Captioned web images
= = = =
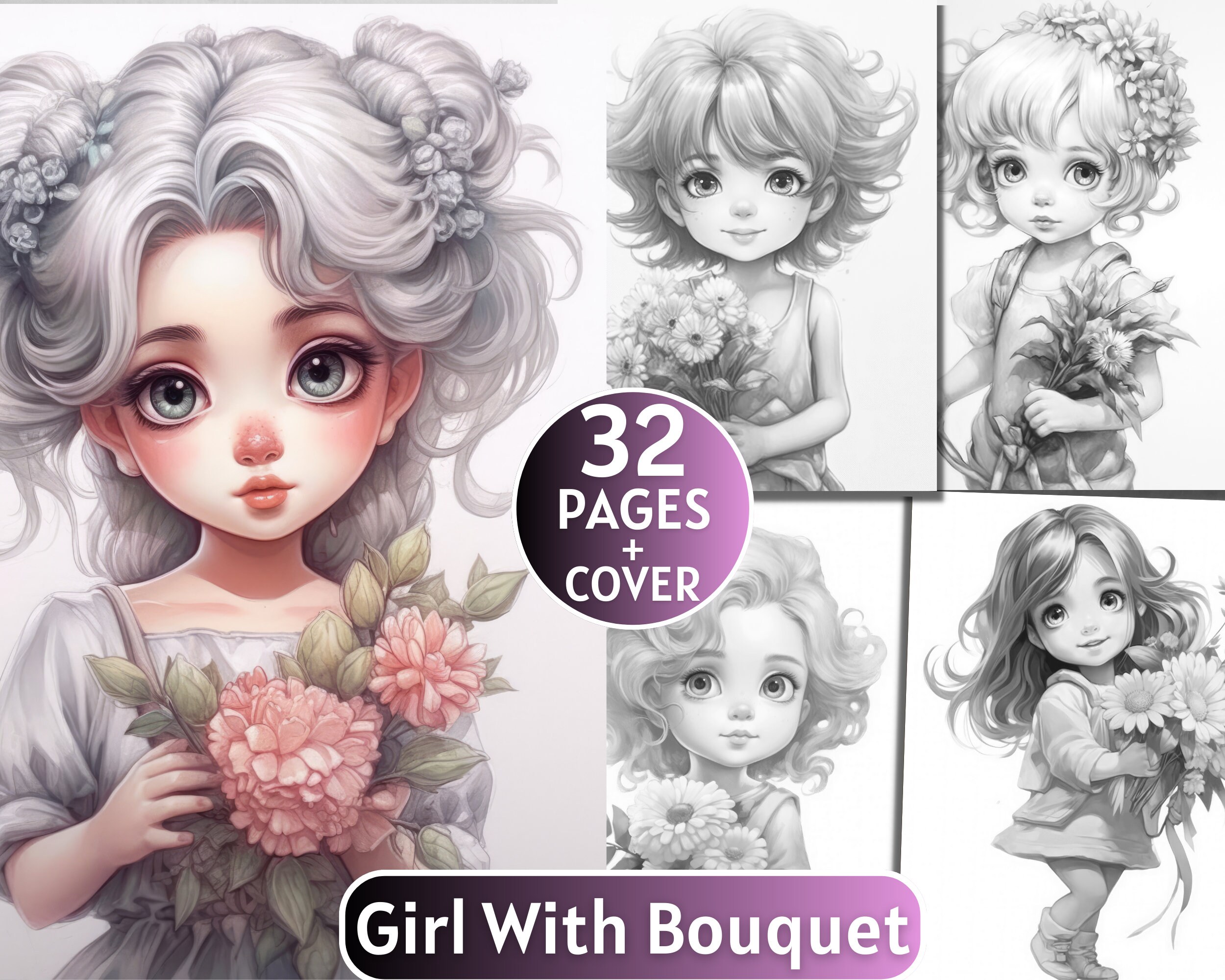 32 Girl With Bouquet Coloring Book, Grayscale Coloring Book for Adults ...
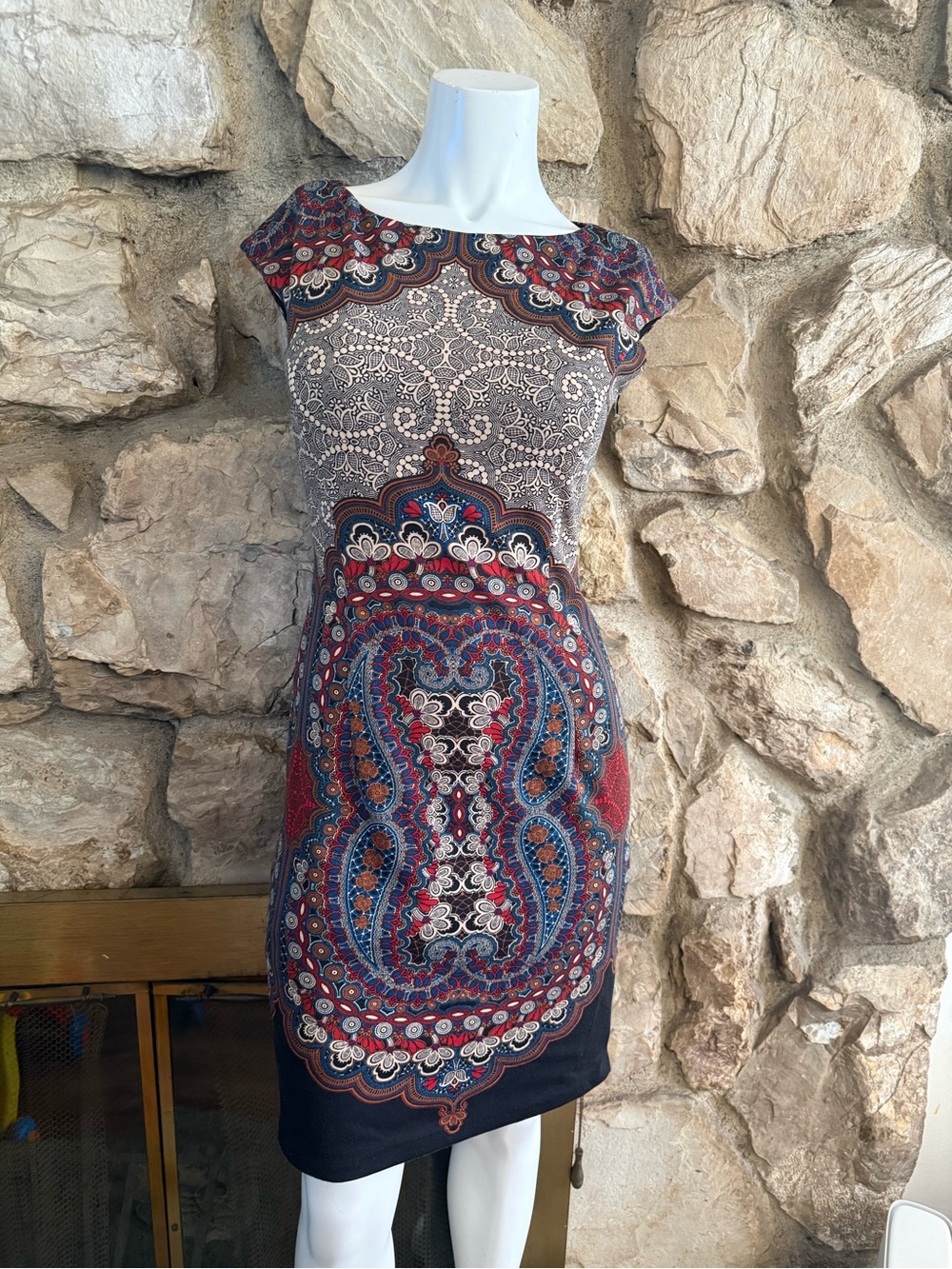 Maggy London Paisley-Print Cap-Sleeve Sheath Dress - Red & Blue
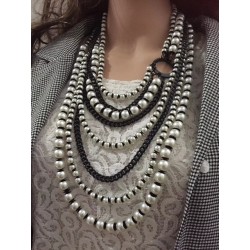 N-6989 New Fashion Gun Black Alloy Pearl Many Chain Necklace Jewelry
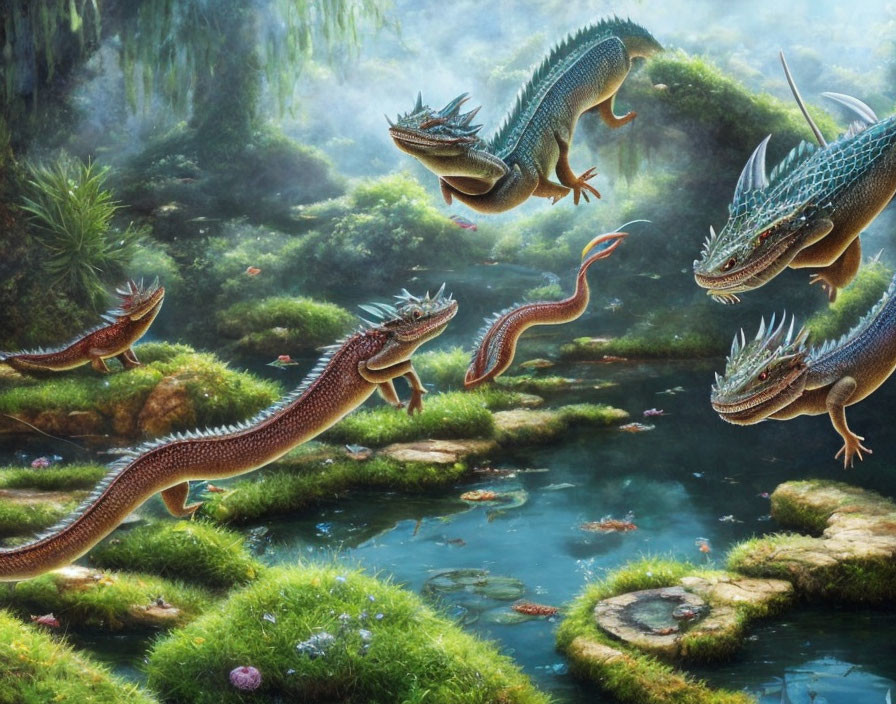 Fantasy scene: Dragons playing in lush green forest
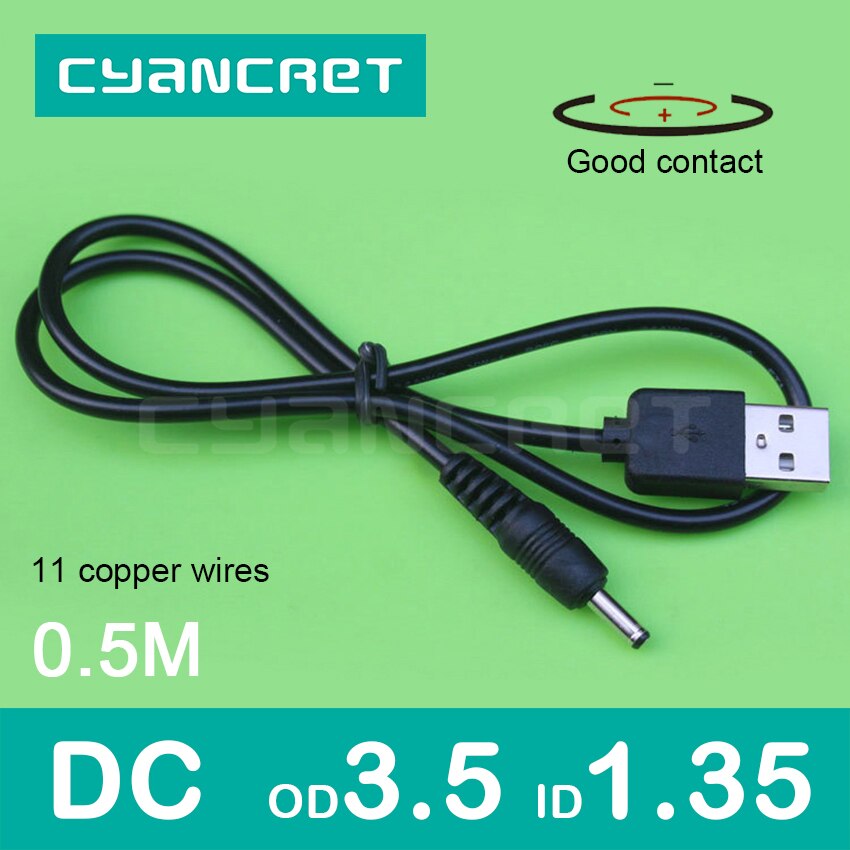 Power Kabel USB 2.0 naar DC 3.5mm x 1.35mm 0.5M 1A Ondersteuning 5V of 12V lader Connector Kabel voor tafellamp Router MP4 Speler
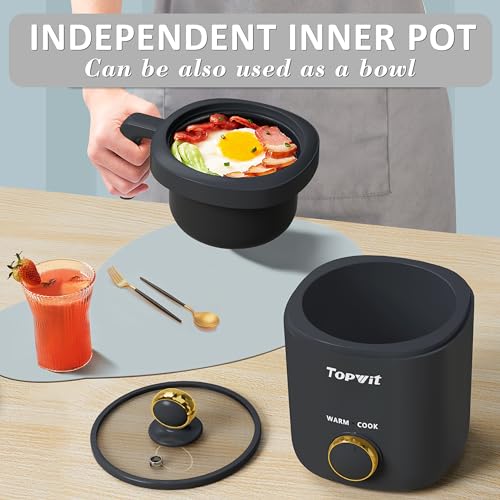 TOPWIT Rice Cooker Small, Mini Rice Cooker 2 Cups Uncooked, 1.2L Portable Rice Maker with Non-stick Coating, BPA Free, One Touch & Keep Warm Function, Grey - Image 2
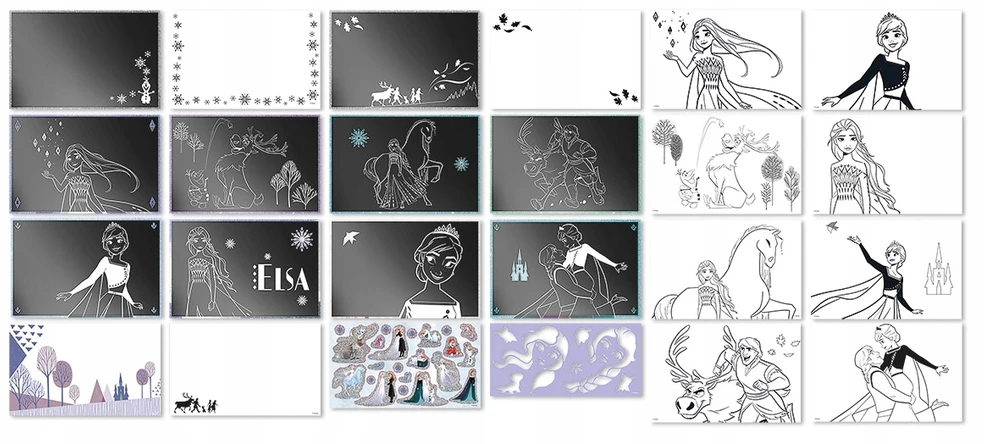 Totum FROZEN SCRATCHBOOK Scratchbook su rašikliu, kūrybinis rinkinys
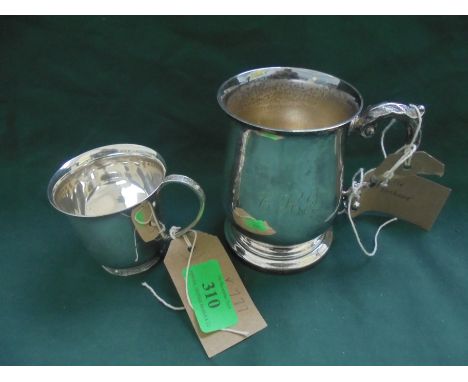 Delicate silver christening (Birmingham 1965) together with a silver plated half pint tankard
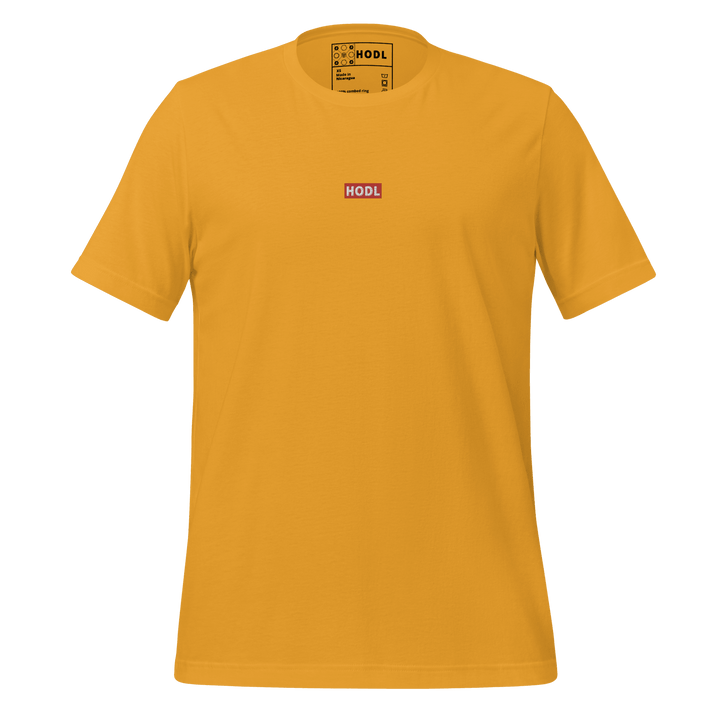 HODL Crypto Streetwear T-Shirt Red Box Baby Tag - HODL.ag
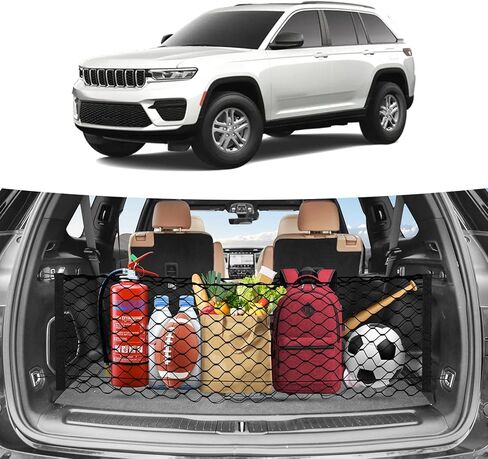 Canvcle Trunk Cargo Net لـ 2021-2026 Jeep Grand Cherokee L (7 مقاعد) إكسسوارات على شكل مغلف شبكة صندوق السيارة منظم وتخزين شبكة شحن خلفية من النايلون المرن القابل للتعديل مع خطافات in Kuwait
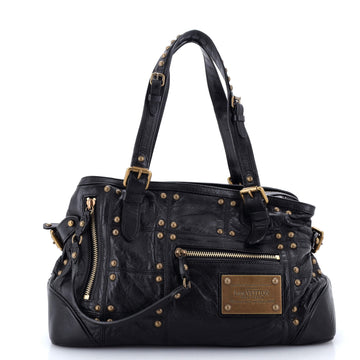 Riveting Handbag Studded Lambskin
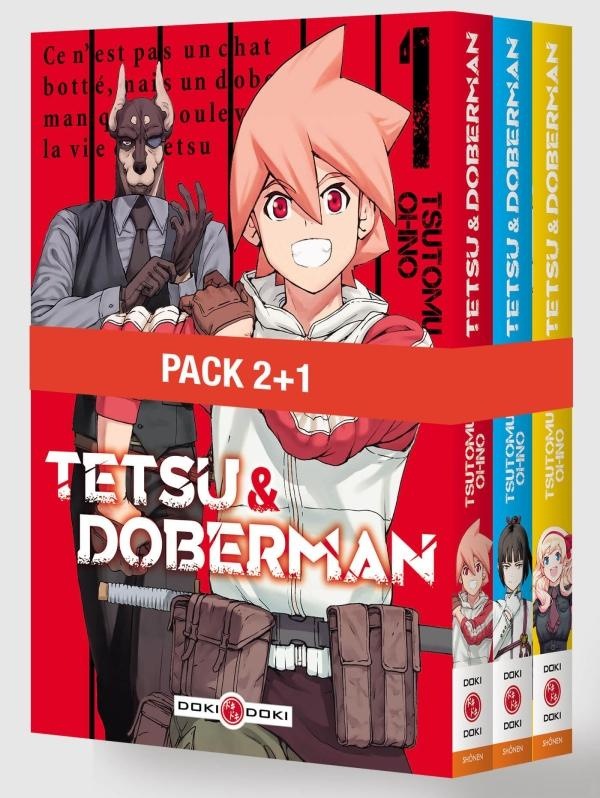 Tetsu & Doberman : Pack en 3 volumes : Tomes 1 à 3. Dont 1 tome offert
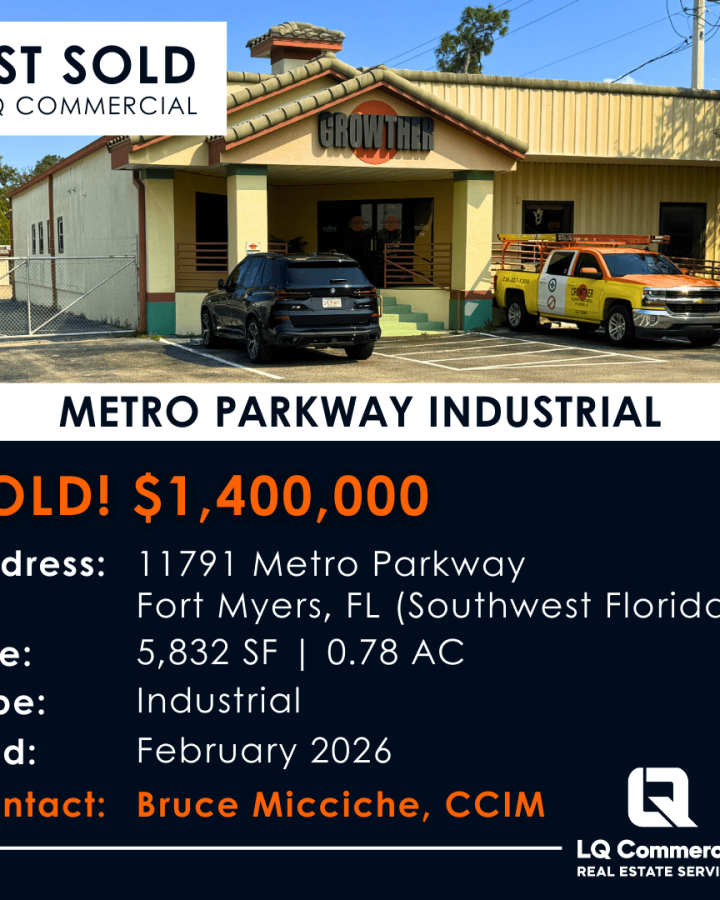 Front view of Metro Parkway industrial property sold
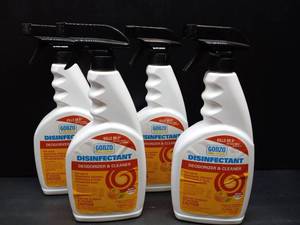 lot 50755 image: Lot of 4, Weiman Gonzo Desinfectant, Deodorizer, & Cleaner, Citrus, 24 Fl. Oz. - Retail $33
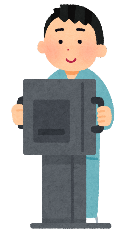 胸部レントゲンを受ける男性のイラスト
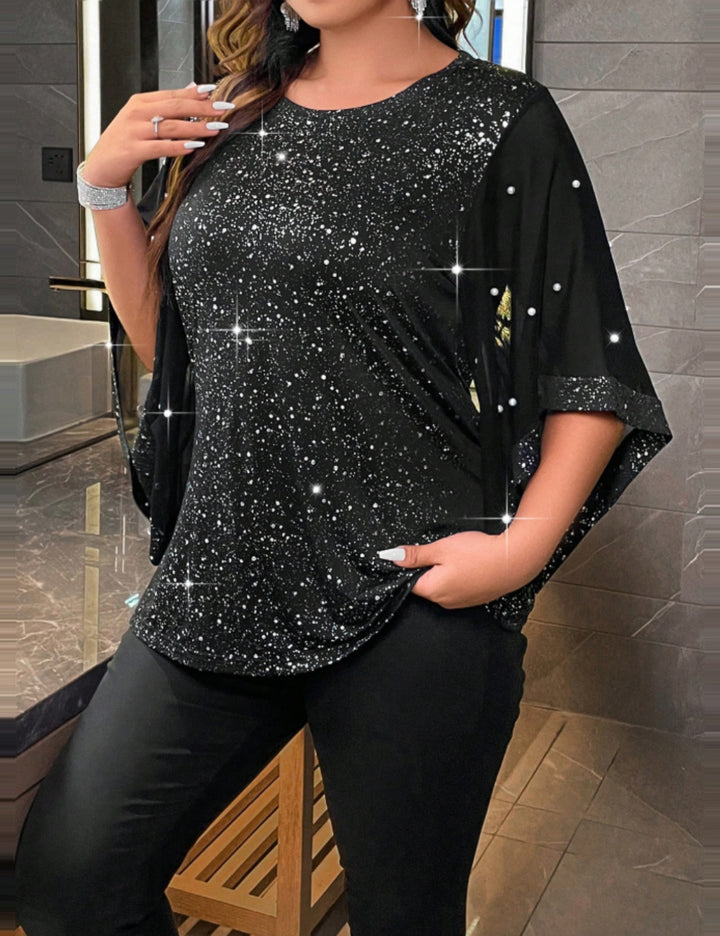 Shein Curve+ blúz, fekete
= = = =
What needs to be done
Return every line of the data above exactly, and omit all pictures.

Solution for this exercise
 32 Girl With Bouquet Coloring Book, Grayscale Coloring Book for Adults ...
 Maggy London Paisley-Print Cap-Sleeve Sheath Dress - Red & Blue
 N-6989 New Fashion Gun Black Alloy Pearl Many Chain Necklace Jewelry
 Fantasy scene: Dragons playing in lush green forest
 Power Kabel USB 2.0 naar DC 3.5mm x 1.35mm 0.5M 1A Ondersteuning 5V of 12V lader Connector Kabel voor tafellamp Router MP4 Speler
 TOPWIT Rice Cooker Small, Mini Rice Cooker 2 Cups Uncooked, 1.2L Portable Rice Maker with Non-stick Coating, BPA Free, One Touch & Keep Warm Function, Grey - Image 2
 Totum FROZEN SCRATCHBOOK Scratchbook su rašikliu, kūrybinis rinkinys
 Delicate silver christening (Birmingham 1965) together with a silver plated half pint tankard
 HODL Crypto Streetwear T-Shirt Red Box Baby Tag - HODL.ag
 Canvcle Trunk Cargo Net لـ 2021-2026 Jeep Grand Cherokee L (7 مقاعد) إكسسوارات على شكل مغلف شبكة صندوق السيارة منظم وتخزين شبكة شحن خلفية من النايلون المرن القابل للتعديل مع خطافات in Kuwait
 Riveting Handbag Studded Lambskin
 Tetsu & Doberman : Pack en 3 volumes : Tomes 1 à 3. Dont 1 tome offert
 Front view of Metro Parkway industrial property sold
 lot 50755 image: Lot of 4, Weiman Gonzo Desinfectant, Deodorizer, & Cleaner, Citrus, 24 Fl. Oz. - Retail $33
 胸部レントゲンを受ける男性のイラスト
 Shein Curve+ blúz, fekete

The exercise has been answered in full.